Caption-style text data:
......

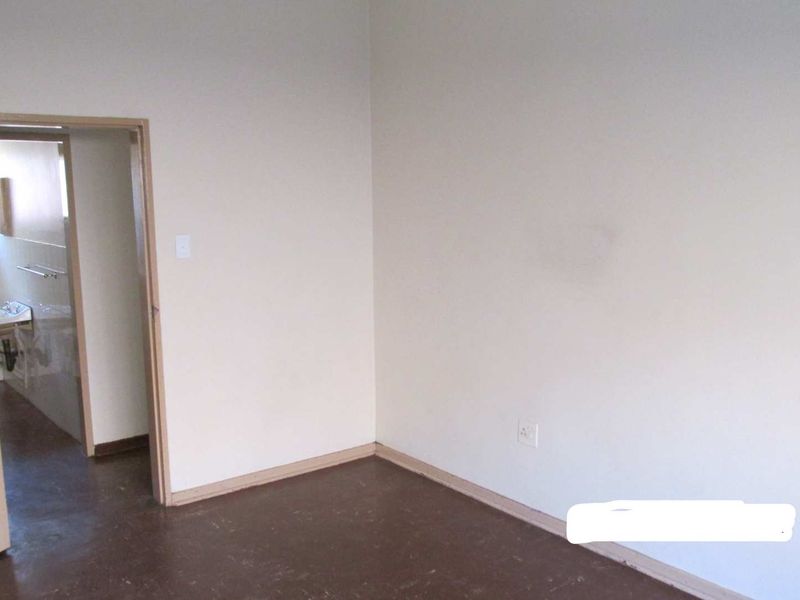 An empty bedroom featuring plain walls and dark flooring, with an adjacent view into a bathroom area.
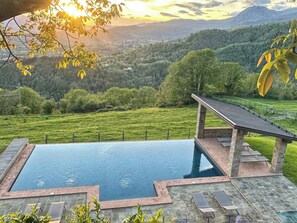 A swimming pool with a stone deck and lounge chairs, surrounded by a fenced area with a view of a mountainous landscape. - Apartment with Jacuzzi and pool on Tuscan hilltop (Sillico)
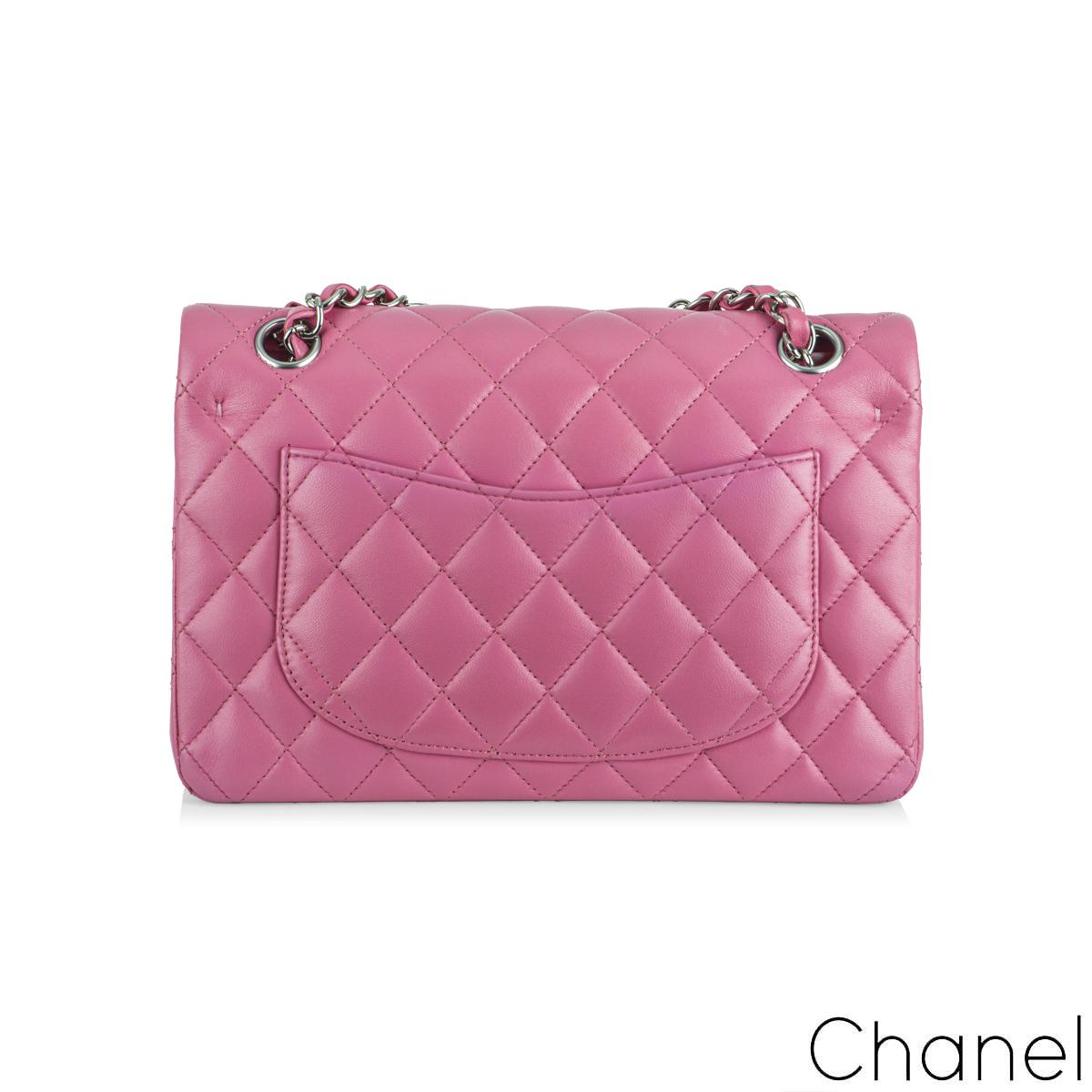 A Timeless Chanel Classic Small Flap Handbag. The exterior of this classic small flap is in vibrant pink lambskin leather with silver tone hardware. It features a front flap with a signature CC turn-lock closure, a half-moon back pocket, and an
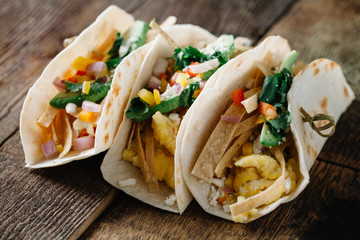 Breakfast tacos with eggs, avocado and fresh cut vegetables
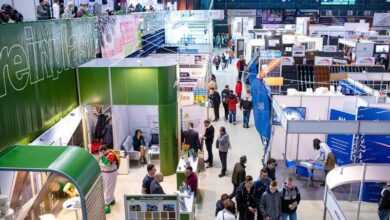 Przemysłowa hala targowa z stoiskami wystawców i zwiedzającymi podczas wydarzenia branżowego. Nowoczesne ekspozycje i prezentacje produktów w dynamicznej atmosferze konferencji i targów.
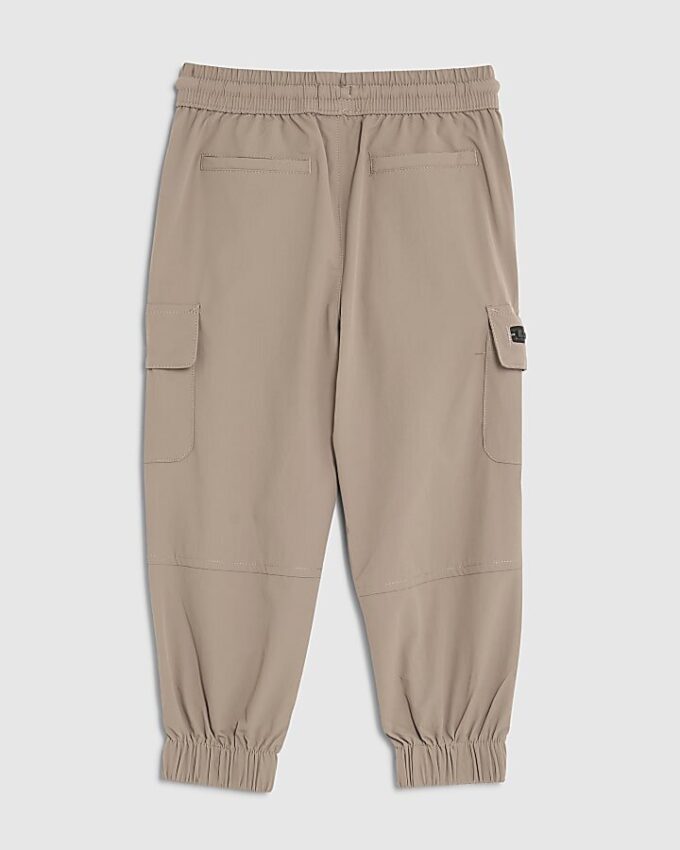 Mini pojkbyxor i beige med dragkedja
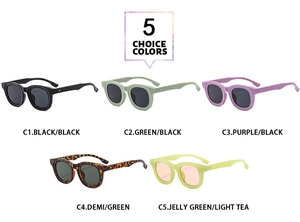 Flat lay of vintage oval sunglasses in five colors including black and tortoiseshell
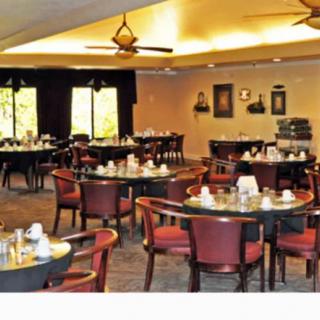 A cozy restaurant dining area with neatly arranged tables and chairs.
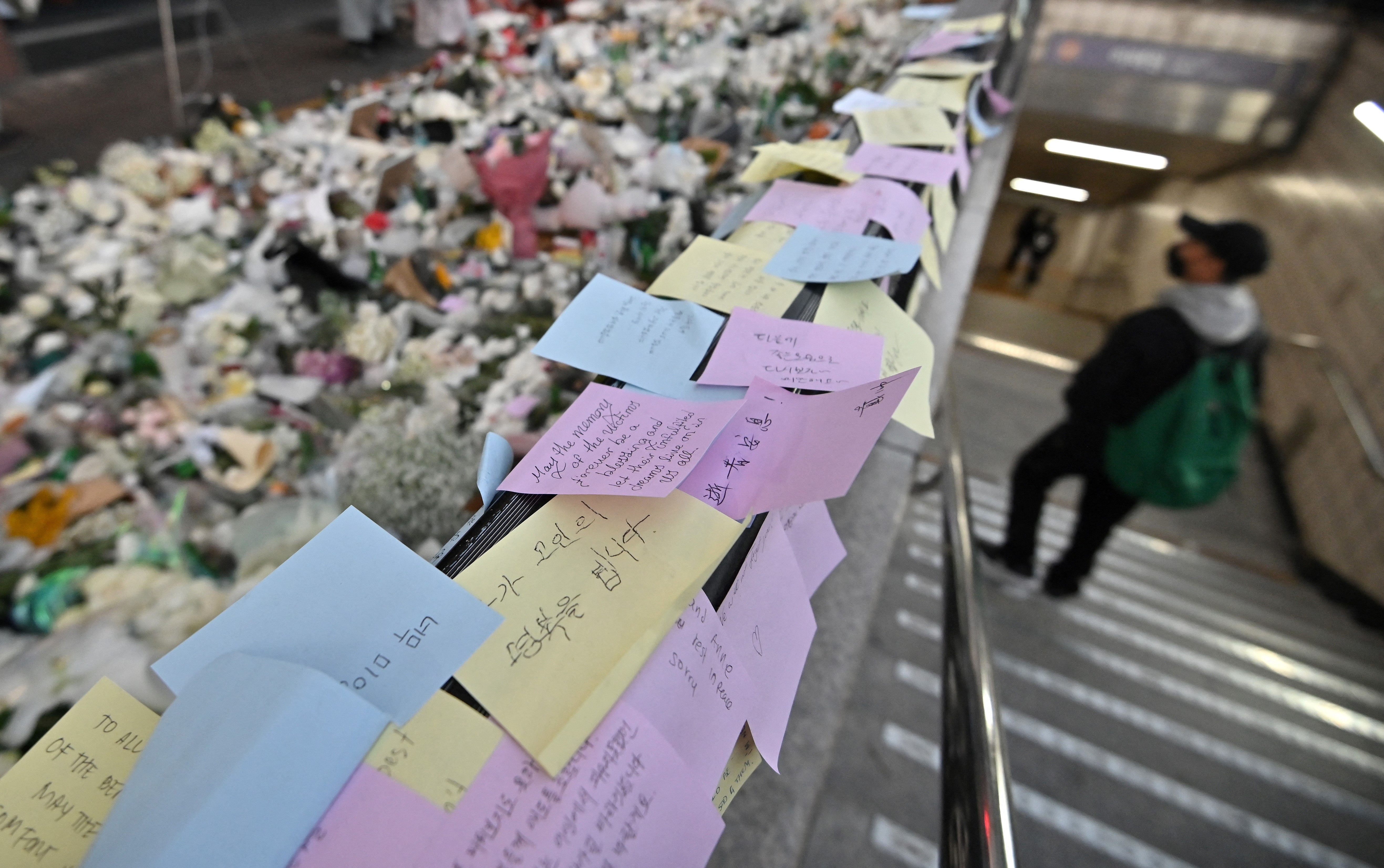 Messages from mourners are pictured at a makeshift memorial for the victims of the deadly Halloween crowd surge, outside a subway station in the district of Itaewon in Seoul on 1 November 2022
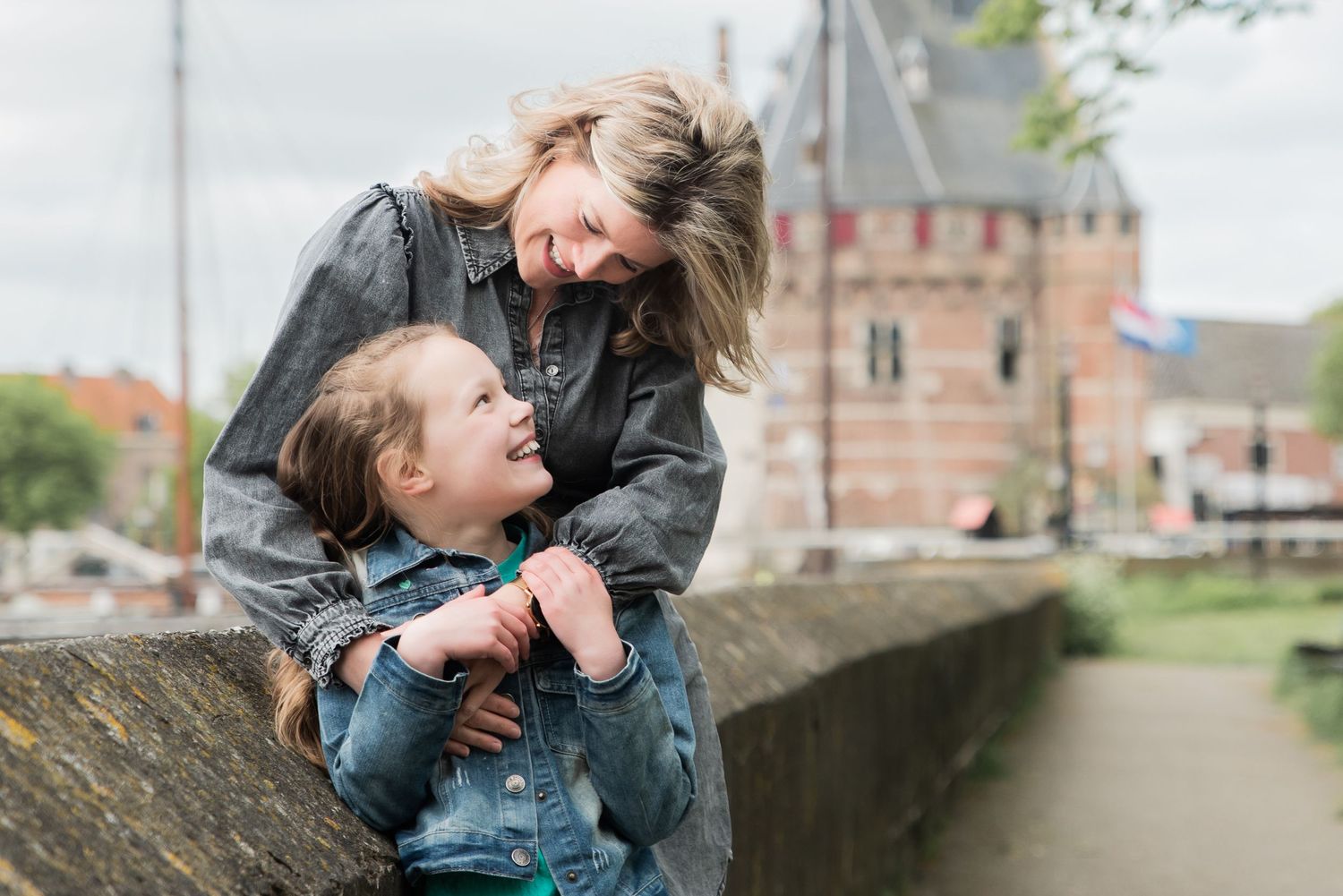 A mother and young daughter share a joyful moment leaning on a stone wall with a historic Dutch building in the background.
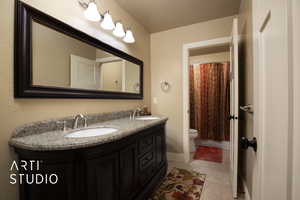 Bathroom with vanity, tile patterned floors, and toilet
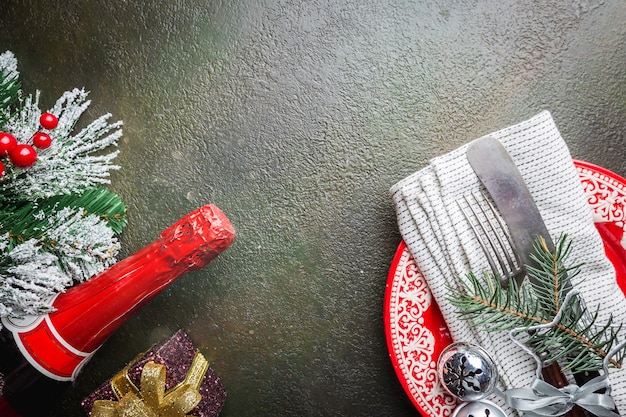 Christmas table place setting with christmas tree branches, champagne, plate, knife and fork over dark table, top view with copyspace. Christmas holidays background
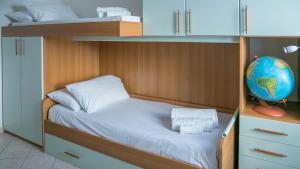 Ένα ή περισσότερα κρεβάτια σε δωμάτιο στο Welcomely - Oasi in centro - Cala Gonone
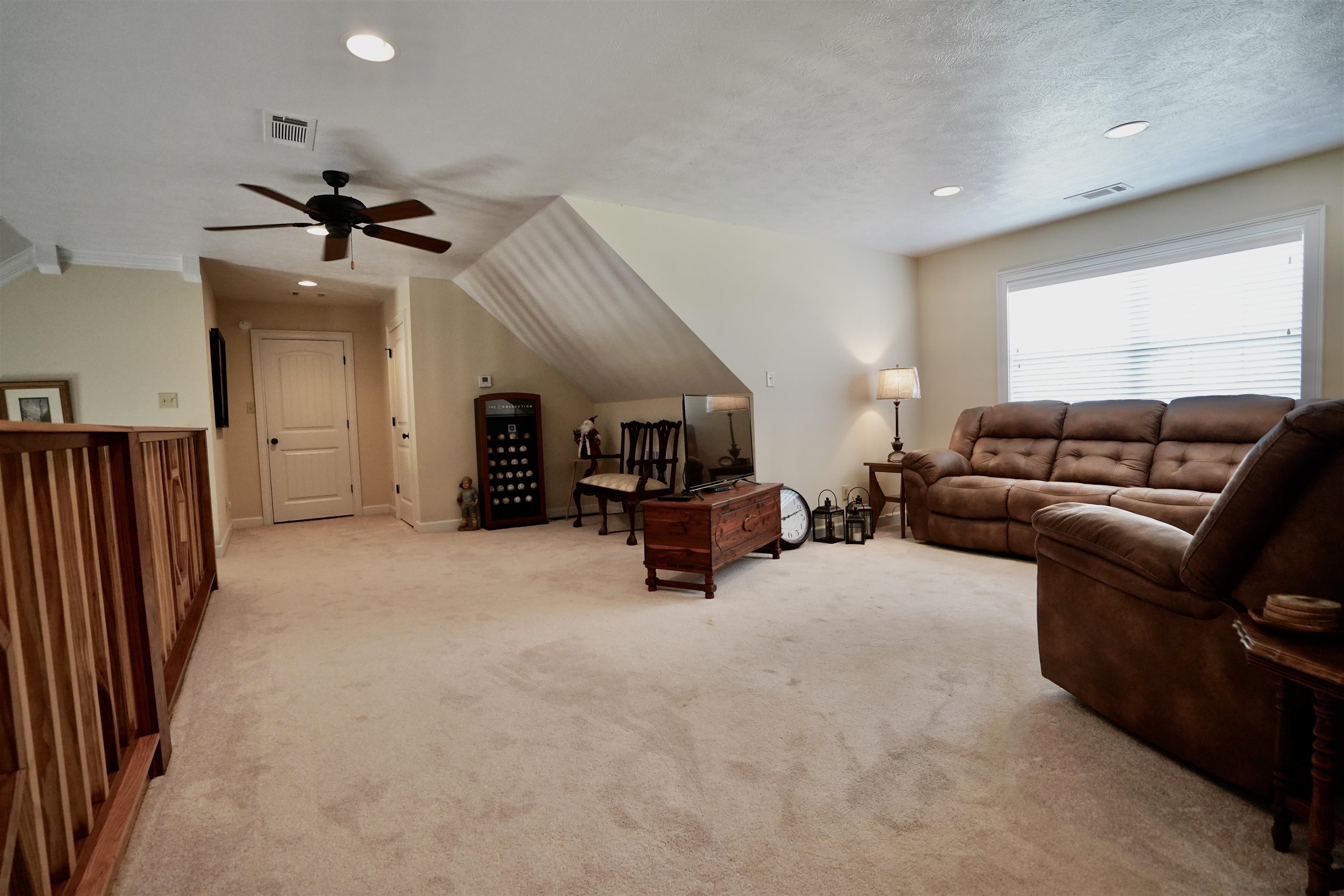 4556 Gainsville Road Mason, TN 38049 - Photo 31 of 33 Living room with lofted ceiling, ceiling fan, light carpet, and a textured ceiling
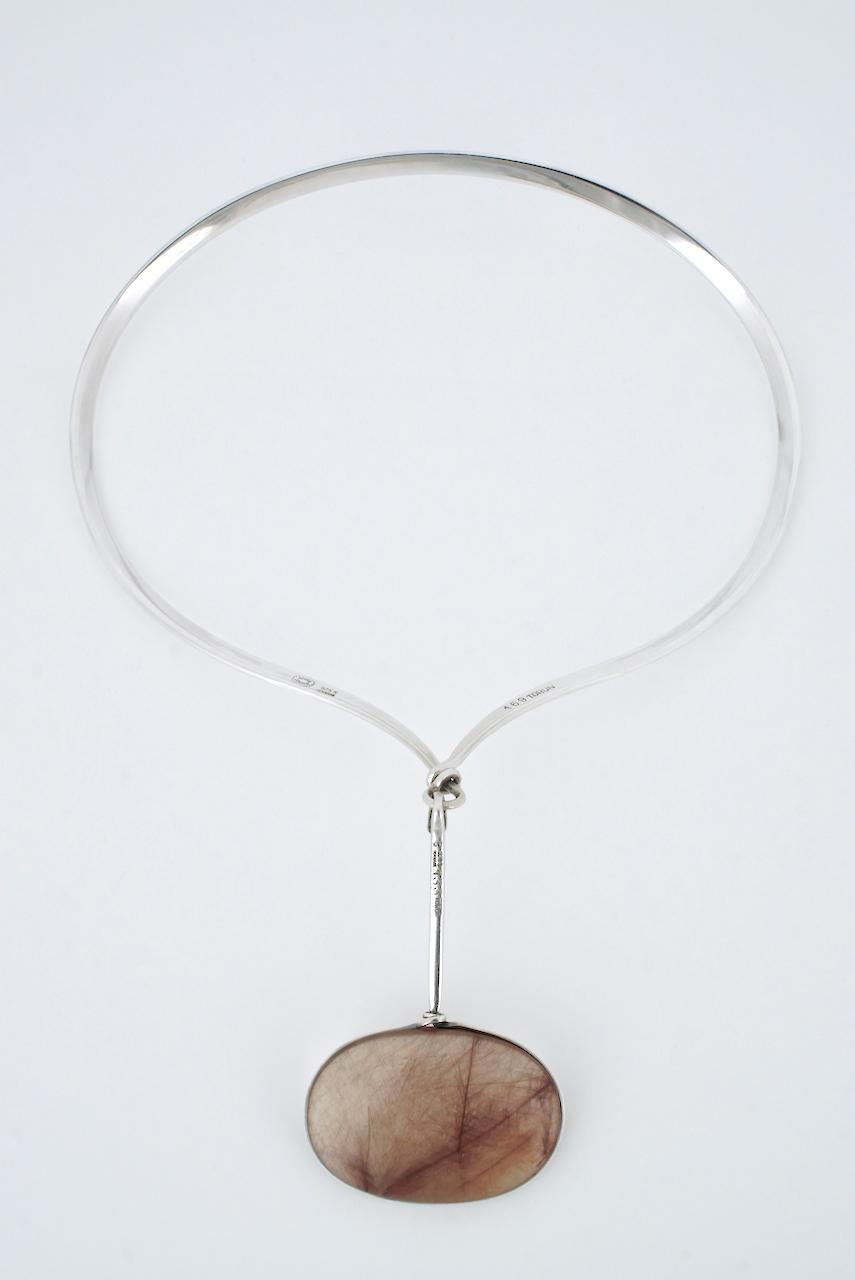 A vintage solid silver and oval rust brown rutilated quartz pendant neck ring - Torun for Georg Jensen - a beautiful oval double sided cabochon of rutilated smoky quartz with strong rust brown rutilations wrapped with wire and suspended crossways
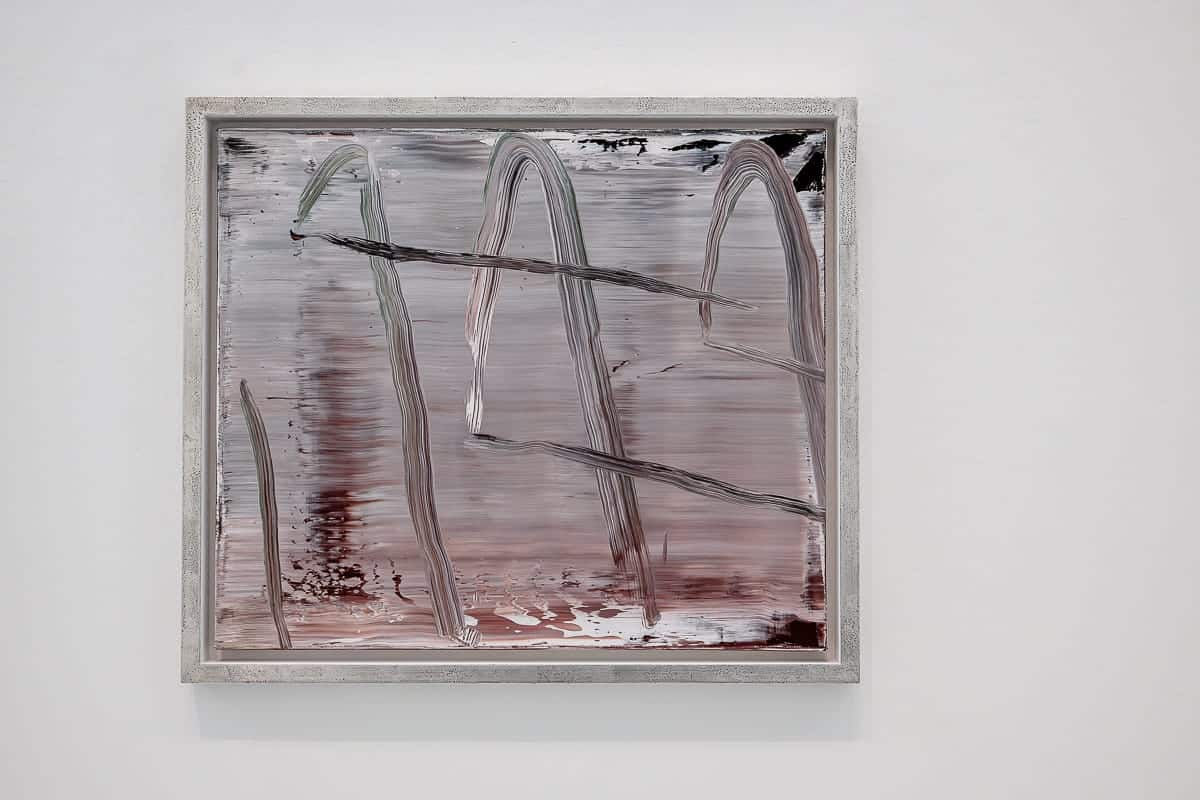 Abstraktes Gemälde von Gerhard Richter mit einer Mischung aus horizontalen Pinselstrichen in Grau und Braun, durchzogen von gebogenen und geraden vertikalen Linien in dunkleren Farbtönen. Das Werk ist in einem einfachen, strukturierten Rahmen vor einer schlichten weißen Wand angebracht.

......

Repeat exactly the lines from the first line of the records above through the line containing "A swimming pool", both included. Leave out the pictures.

 An empty bedroom featuring plain walls and dark flooring, with an adjacent view into a bathroom area.
 A swimming pool with a stone deck and lounge chairs, surrounded by a fenced area with a view of a mountainous landscape. - Apartment with Jacuzzi and pool on Tuscan hilltop (Sillico)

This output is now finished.